(PROVIDED DATA)
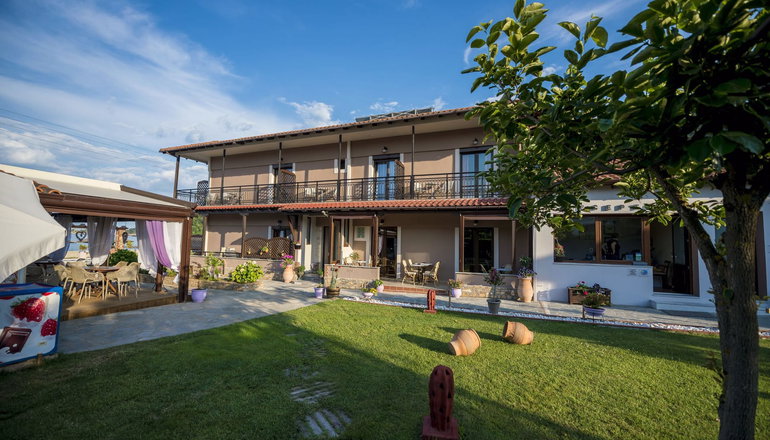 Kamelia & Semeli Hotel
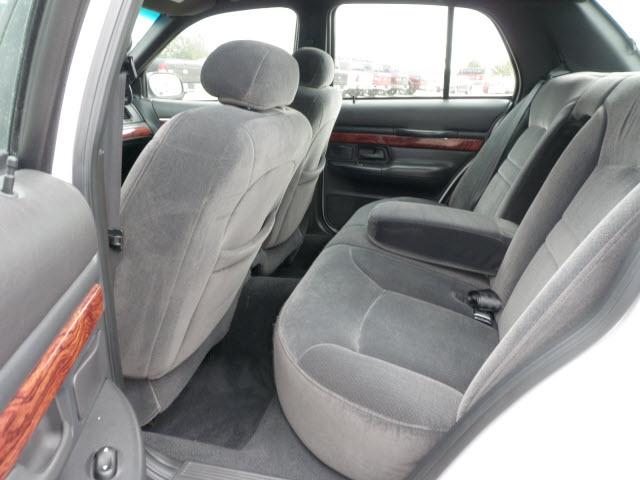 Mercury Grand Marquis 2000 photo 2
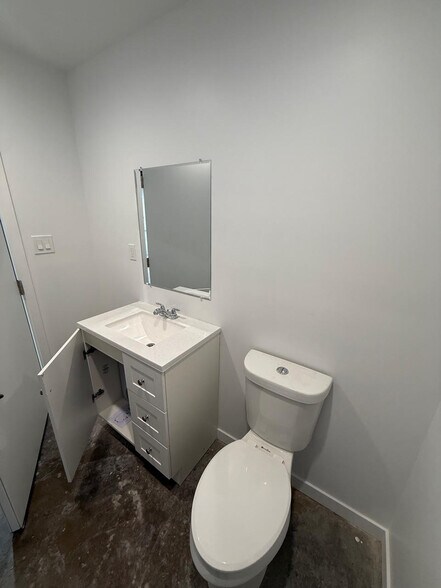 More Photos Of 3605 E 8th St, Los Angeles Distribution For Lease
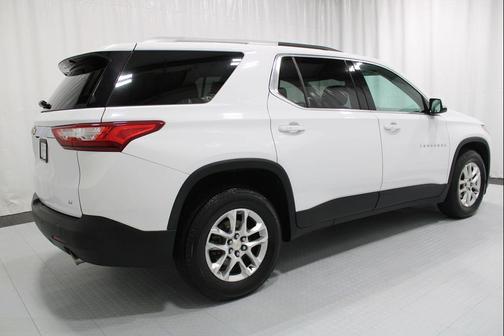 Summit White 2018 Chevrolet Traverse LT Cloth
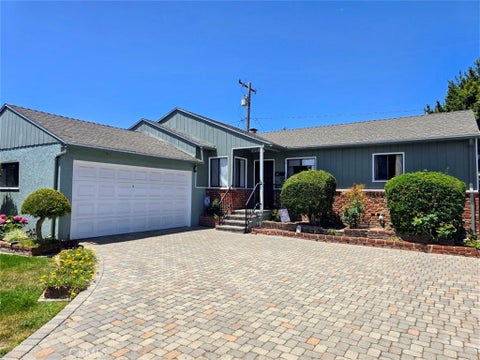 Photo of 16613 Glenburn AVE, Torrance, CA 90504 (MLS # IG26126147)
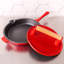 Batterie de cuisine en fonte émaillée rouge 2 pièces BergHOFF Neo avec poêle à frire de 10 po et presse à steak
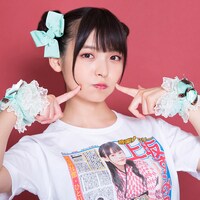 「読めるTシャツ 第2弾」を着用する上坂すみれ。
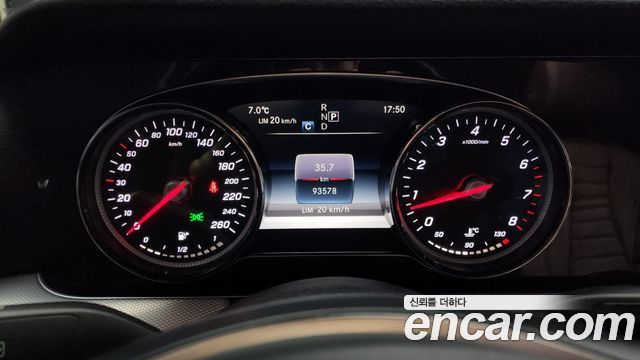 Mercedes-Benz E-Class E200 Avantgarde
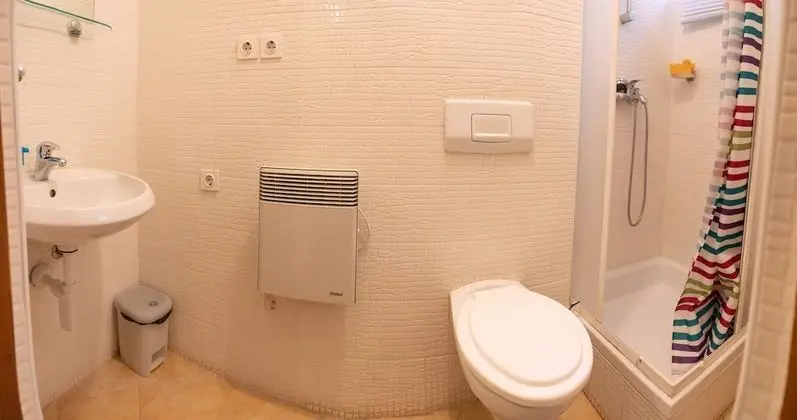 Single Bed in 6-Bed Dormitory Room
(End PROVIDED DATA)
YOUR INSTRUCTIONS: The required output is every line from the one containing "Mercedes-Benz E-Class E200 Avantgarde" through the last line of the data above, restated exactly and without pictures.

EXERCISE OUTPUT:
 Mercedes-Benz E-Class E200 Avantgarde
 Single Bed in 6-Bed Dormitory Room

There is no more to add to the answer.